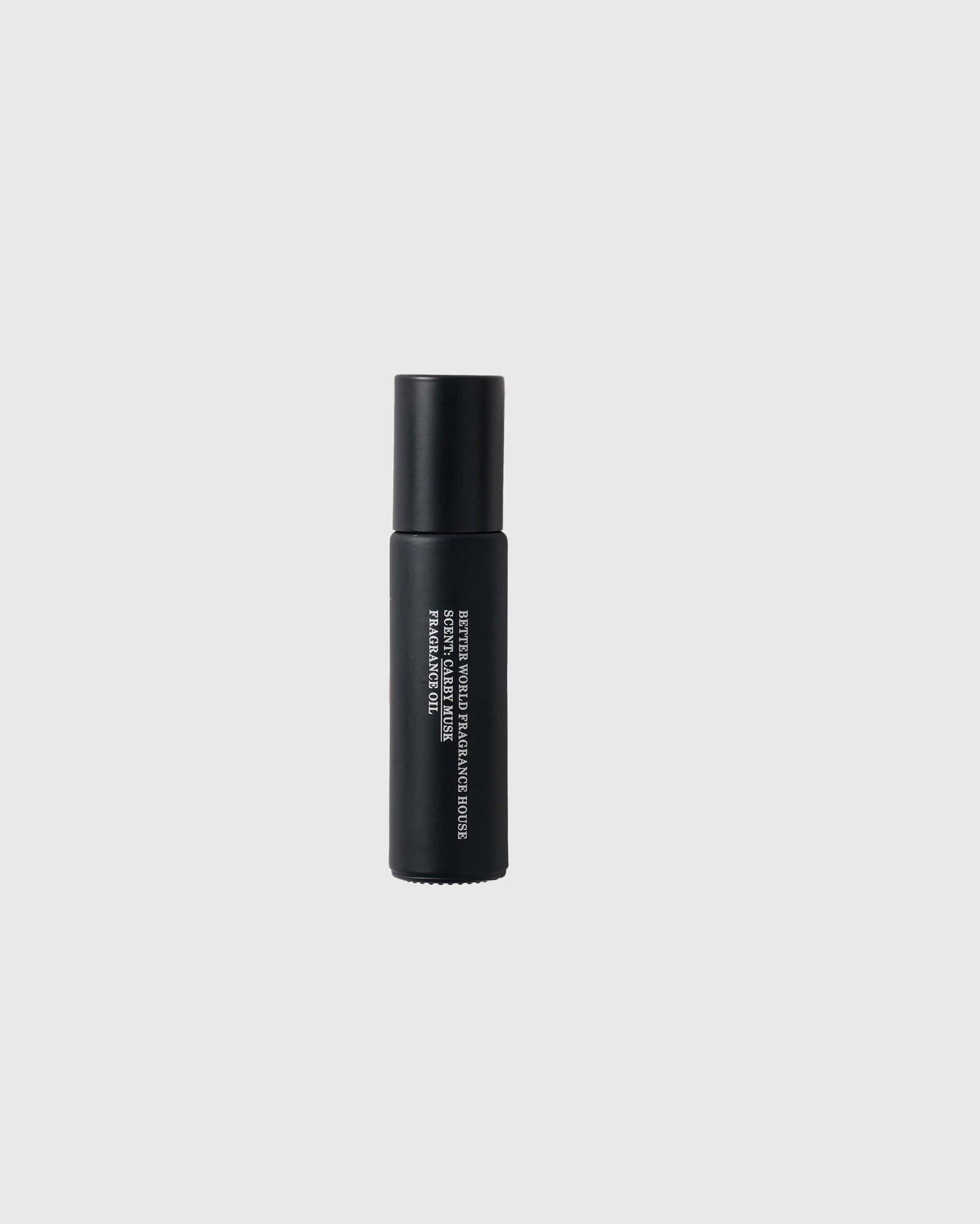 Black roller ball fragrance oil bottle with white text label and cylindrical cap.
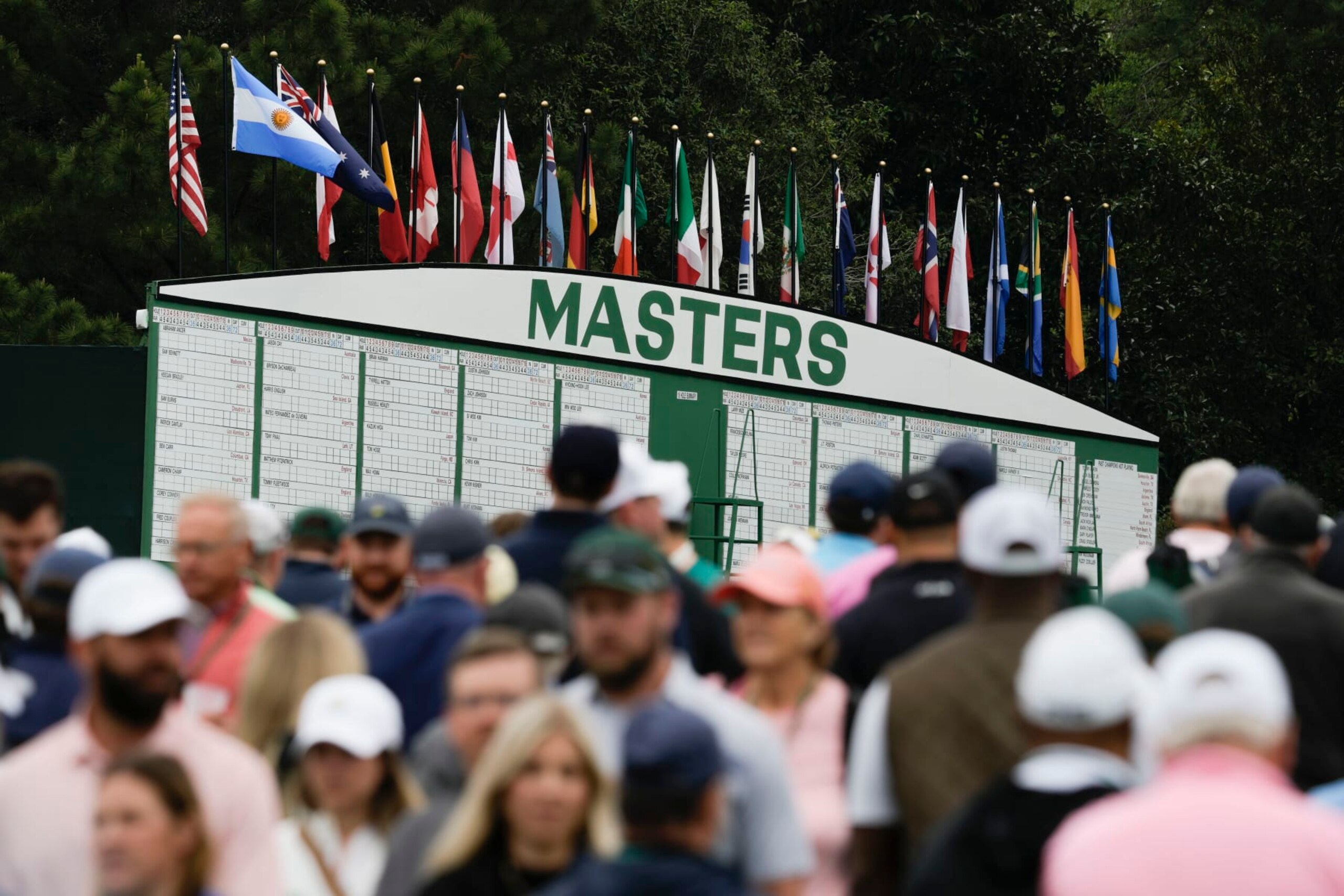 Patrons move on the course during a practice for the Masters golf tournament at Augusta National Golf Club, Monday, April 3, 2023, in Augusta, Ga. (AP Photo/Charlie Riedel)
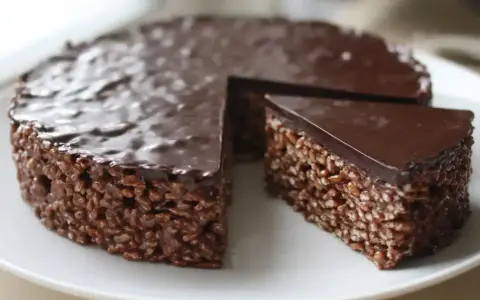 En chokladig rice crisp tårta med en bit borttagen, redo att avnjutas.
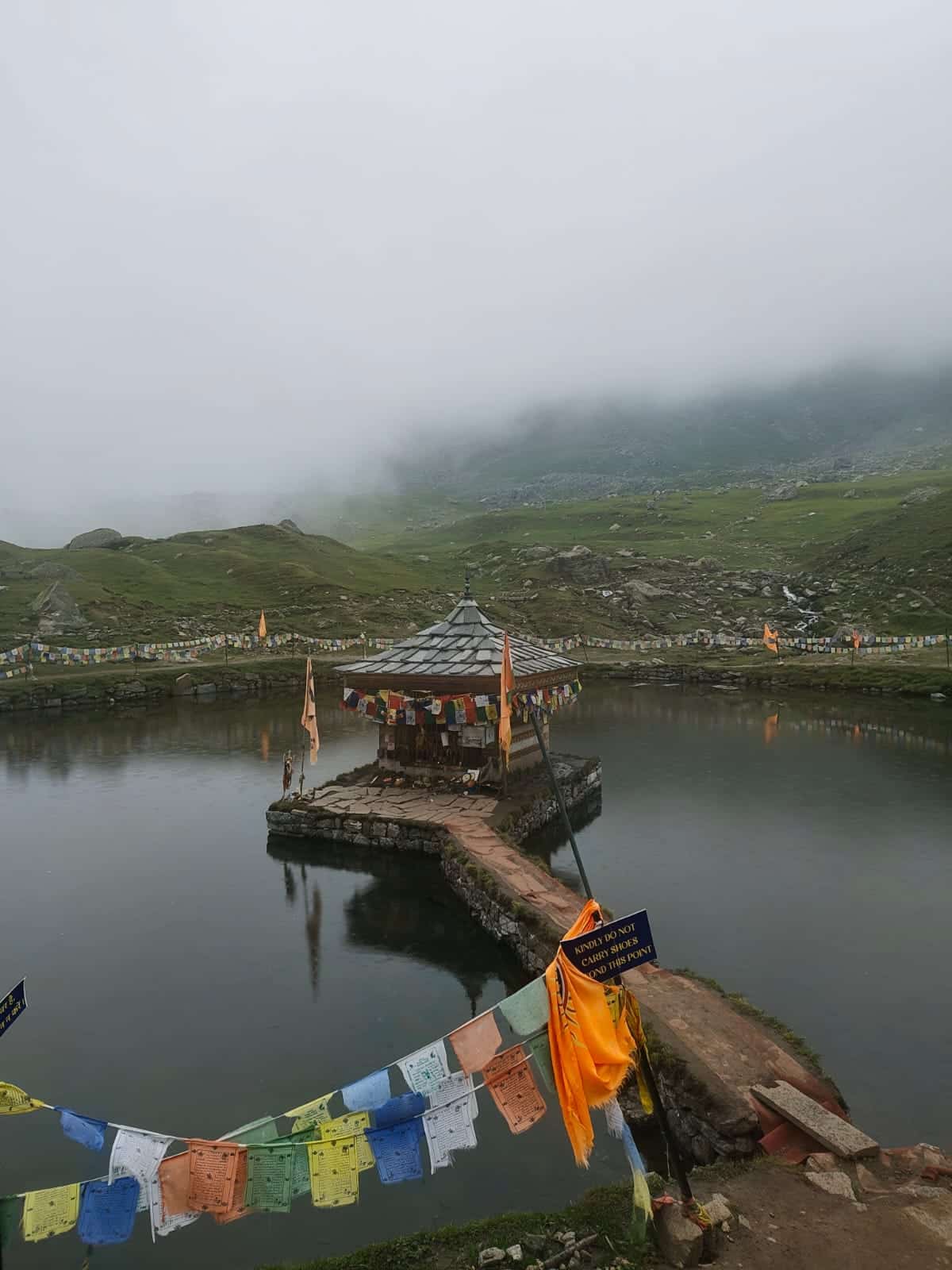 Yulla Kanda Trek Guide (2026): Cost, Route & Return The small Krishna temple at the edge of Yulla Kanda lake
==
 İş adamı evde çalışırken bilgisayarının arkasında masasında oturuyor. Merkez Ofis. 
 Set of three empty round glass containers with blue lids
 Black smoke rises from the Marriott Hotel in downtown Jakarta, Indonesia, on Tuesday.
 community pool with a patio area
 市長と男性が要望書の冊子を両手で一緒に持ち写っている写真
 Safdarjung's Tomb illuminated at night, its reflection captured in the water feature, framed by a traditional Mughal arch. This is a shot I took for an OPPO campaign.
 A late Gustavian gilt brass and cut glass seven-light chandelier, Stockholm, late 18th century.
--
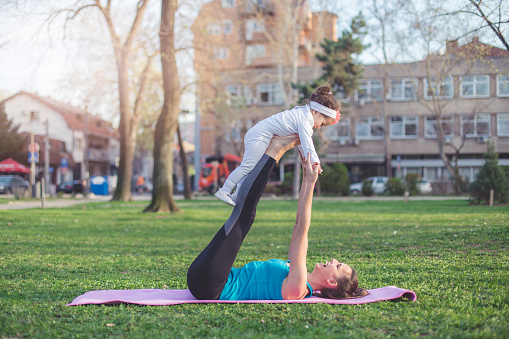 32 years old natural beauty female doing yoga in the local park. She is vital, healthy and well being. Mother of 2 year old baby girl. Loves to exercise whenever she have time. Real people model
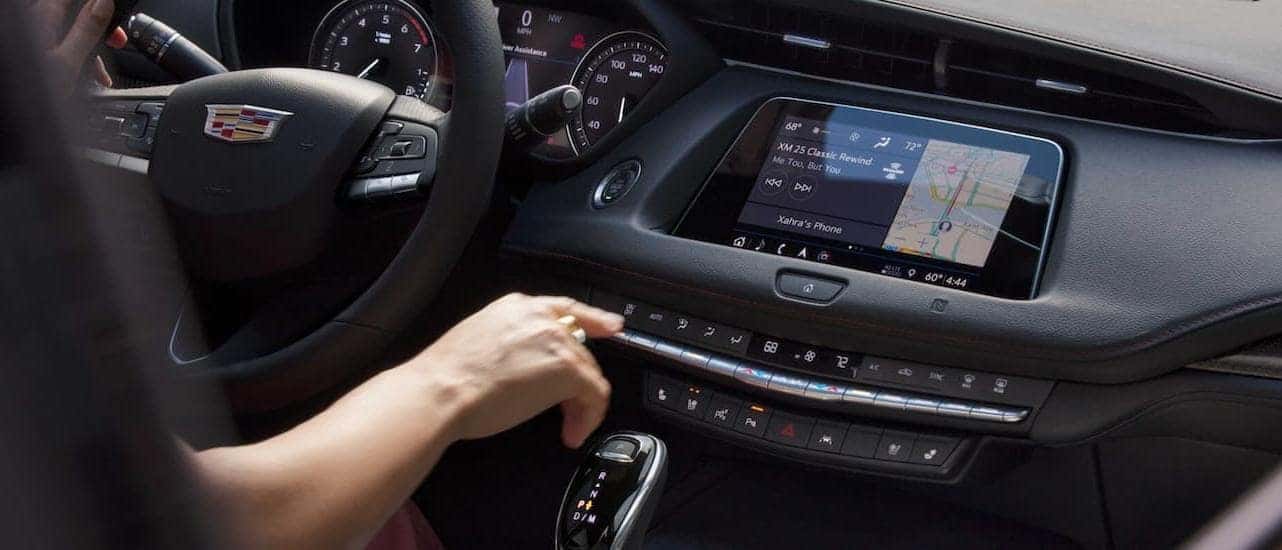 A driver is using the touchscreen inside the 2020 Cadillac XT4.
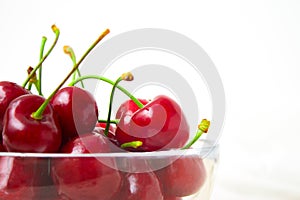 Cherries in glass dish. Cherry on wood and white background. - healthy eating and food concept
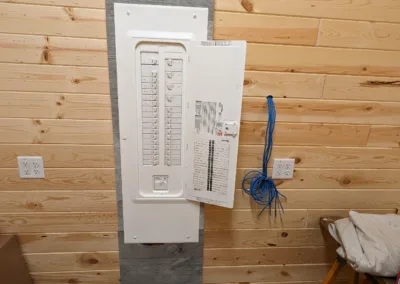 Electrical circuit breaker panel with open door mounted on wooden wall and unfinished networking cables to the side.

# [Your objective]
Above are the records. Print exactly, and only, the lines from the line with "İş adamı evde" to the line with "A late Gustavian", both inclusive.

# [Exercise output]
 İş adamı evde çalışırken bilgisayarının arkasında masasında oturuyor. Merkez Ofis. 
 Set of three empty round glass containers with blue lids
 Black smoke rises from the Marriott Hotel in downtown Jakarta, Indonesia, on Tuesday.
 community pool with a patio area
 市長と男性が要望書の冊子を両手で一緒に持ち写っている写真
 Safdarjung's Tomb illuminated at night, its reflection captured in the water feature, framed by a traditional Mughal arch. This is a shot I took for an OPPO campaign.
 A late Gustavian gilt brass and cut glass seven-light chandelier, Stockholm, late 18th century.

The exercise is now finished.